Growing up, I had a few too many bowls of gross pancake house grits that turned me off to them entirely for years. The fact that they were as bland as can be and the little jelly packets that were my only topping options really didn’t do anything for me, I’d much rather have the pancake stacks and Belgian waffles piled high with whipped cream.
But I recently gave grits another shot, though I went the savory route. So. Much. Better.
This breakfast concoction has mashed sweet potatoes and goat cheese mixed in and is topped with a runny fried egg.

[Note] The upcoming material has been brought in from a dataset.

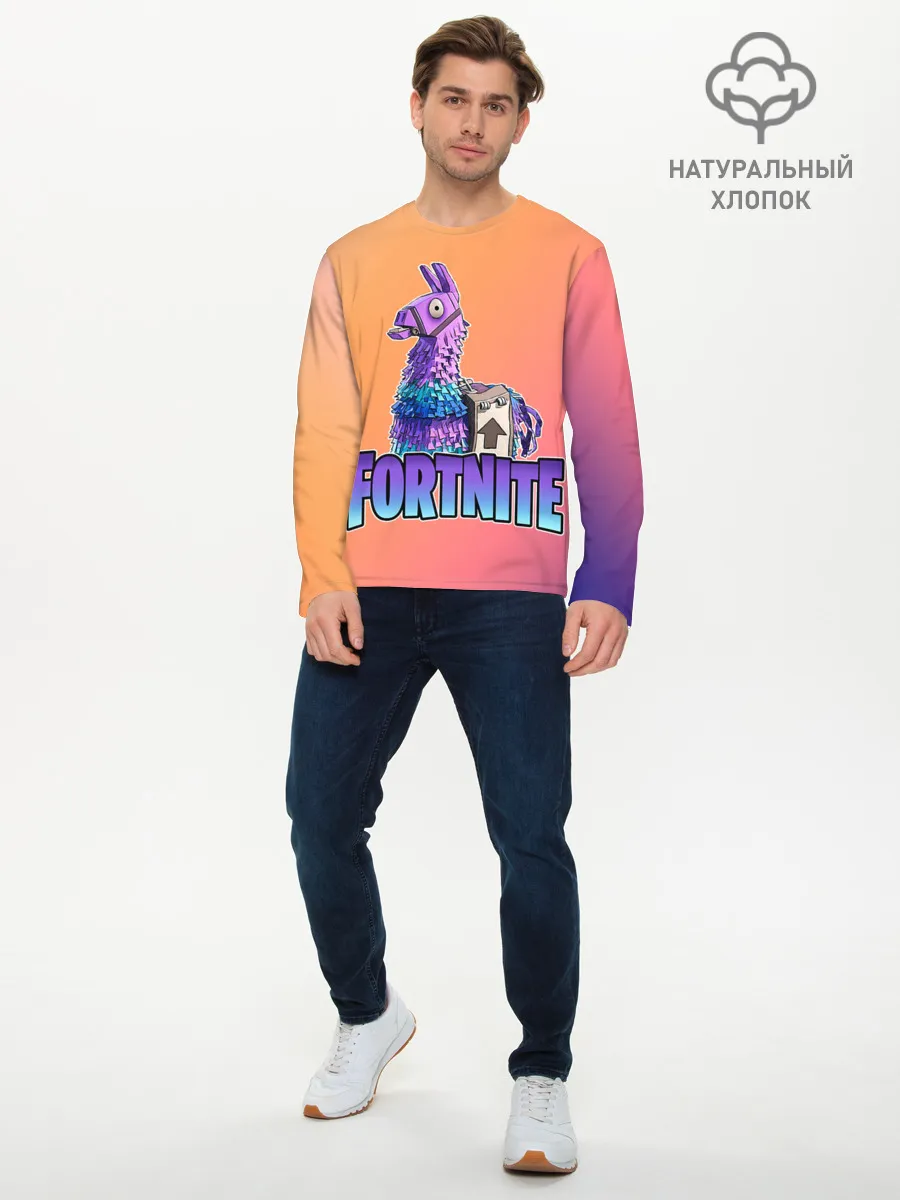 Мужской лонгслив базовый / Fortnite | Lama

Way better than anything you’ll find in the pancake house.
Savory sweet potato-goat cheese grits recipe
These savory grits are perfect for breakfast, come together in 15 minutes and are filled with sweet potatoes and goat cheese.

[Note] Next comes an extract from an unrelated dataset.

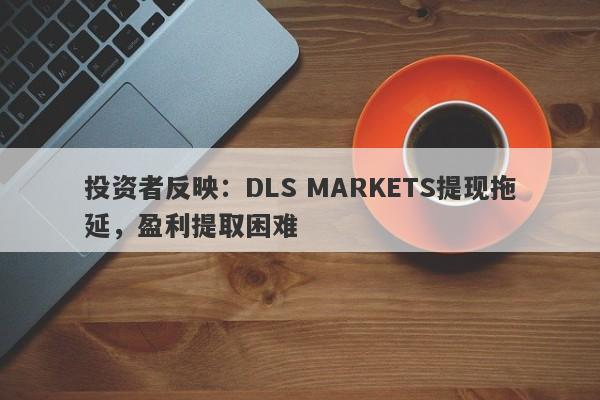 投资者反映：DLS MARKETS提现拖延，盈利提取困难-第1张图片-要懂汇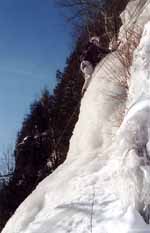 Veronica climbing. (Category:  Ice Climbing)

Prep time: 5 minutes | Cook time: 10 minutes | Total time: 15 minutes
- 1 cup water
- 1 cup milk
- 1/2 cup grits
- Salt and pepper
- 1/2 cup mashed sweet potatoes
- 2 ounces goat cheese
- 2 eggs
- Chopped green onions, for garnish
- In a small saucepot, bring the water and milk to a boil.
- Once the water and milk are boiling, add the grits to the pot, and lower the heat to medium-low. Stir frequently until thickened.
- Season with salt and pepper, then add the goat cheese and sweet potatoes, and continue stirring until the cheese has melted and sweet potatoes are incorporated. Turn off the heat, and set the pot aside.
- Heat a small greased skillet over medium heat. Add the eggs once the skillet is hot, and fry.
- Spoon the grits into 2 bowls, top each with a fried egg, and garnish with the green onions.